Que se passe-t-il quand on arrive à la retraite et qu’il manque des trimestres pour toucher sa pension ? Eh bien on en retrouve trace vite fait bien fait. Sauf que dans le cas de Serge, les traces sont disséminées un peu partout en France. Du coup ce vieux boucher un peu frustre est obligé d’enfourcher sa Mammuth antédiluvienne pour partir à la chasse aux fiches de paye manquantes. Et bien évidemment son circuit de collecte va vite prendre les allures d’un périple dans le passé.
Un périple dans les tréfonds de la mémoire, un portrait d’homme et l’opportunité de régler les comptes avec une société malade qui a enfermé les personnes dans le cercle vicieux du travail forcé.
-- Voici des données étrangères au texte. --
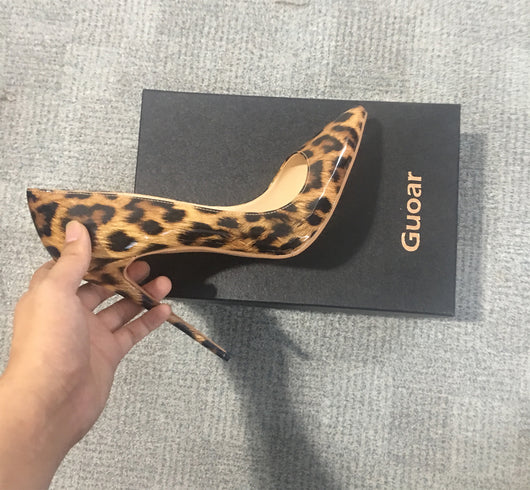 Zapatos de Tacón Alto Punta Afilada con Textura Animal para Mujer - Image 25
Tandis qu’il court après ses justificatifs, Serge remonte le temps et le mince fil des espoirs déçus, avec en prime le fantôme de son amour de jeunesse qui surgit des limbes pour lui secouer les miches. Une épouse acariâtre, un pote mécano, une nièce attardée, rien de bien brillant en somme, … sauf qu’avec Benoît Delépine et Gustave Kervern au scenar et à la real, le processus s’inverse pour notre plus grand bonheur.
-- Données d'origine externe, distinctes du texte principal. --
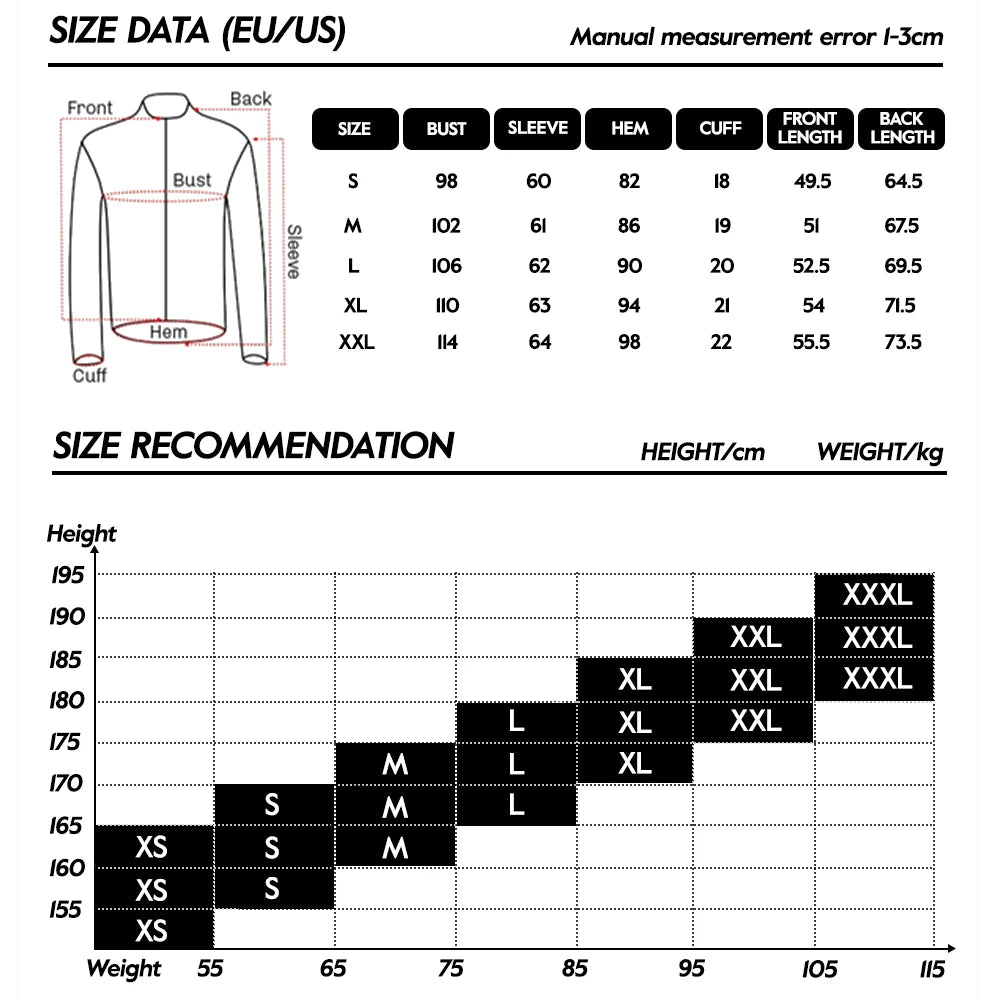 ZRSE Men's Long Sleeve Cycling Jersey UPF 50+ Quick Dry Breathable Slim Fit Shirt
C’est que les trublions de Groland ont de la poésie et de la jugeotte en réserve bien planquées dans leurs stylos. Du coup Serge le Cromagnon, incarné par un Depardieu chevelu et mutique, va kilomètre par kilomètre reconquérir cette humanité qu’avait annihilé des décennies de boulot à la chaîne à découper des pourceaux. La compagne aigrie redevient l’amour du quotidien, la petite nièce simplette une artiste brute au regard doux et précis … et la violence castratrice du monde du travail ressort de ce tableau comme un coup de poing.
Seul échappatoire : le rêve, l’art, le farniente, la contemplation du monde. Ne rien faire, pour enfin se retrouver, se recomposer. Le discours irrigue le répertoire de ces messieurs qui en explorent les nuances dans d’autres opus comme Le Grand Soir, Louise-Michel ou Near Death experience. Autour d’eux une équipe d’acteurs, dont on perçoit la cohérence :Yolande Moreau, drôle et touchante, Miss Ming alanguie et visionnaire, Benoit Poelvoorde en chercheur de trésor névrosé, et Isabelle Adjani belle revenue de l’au delà pour évoquer la jeunesse et les rêves égarés.
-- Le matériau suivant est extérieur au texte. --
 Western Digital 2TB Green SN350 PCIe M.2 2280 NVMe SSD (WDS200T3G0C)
On aime, on aime beaucoup, parce que la narration est accrocheuse, l’écriture ironique sans tomber dans le graveleux, le propos pertinent et nécessaire, le jeu des acteurs impeccable, intimiste, tout en pudeurs, les situations absurdes mais les sentiments tendres. Mammuth est un road movie à la française, une fable moderne qui semble candide mais qui en dit finalement très long sur le grotesque de notre monde, d’une manière intelligente et originale.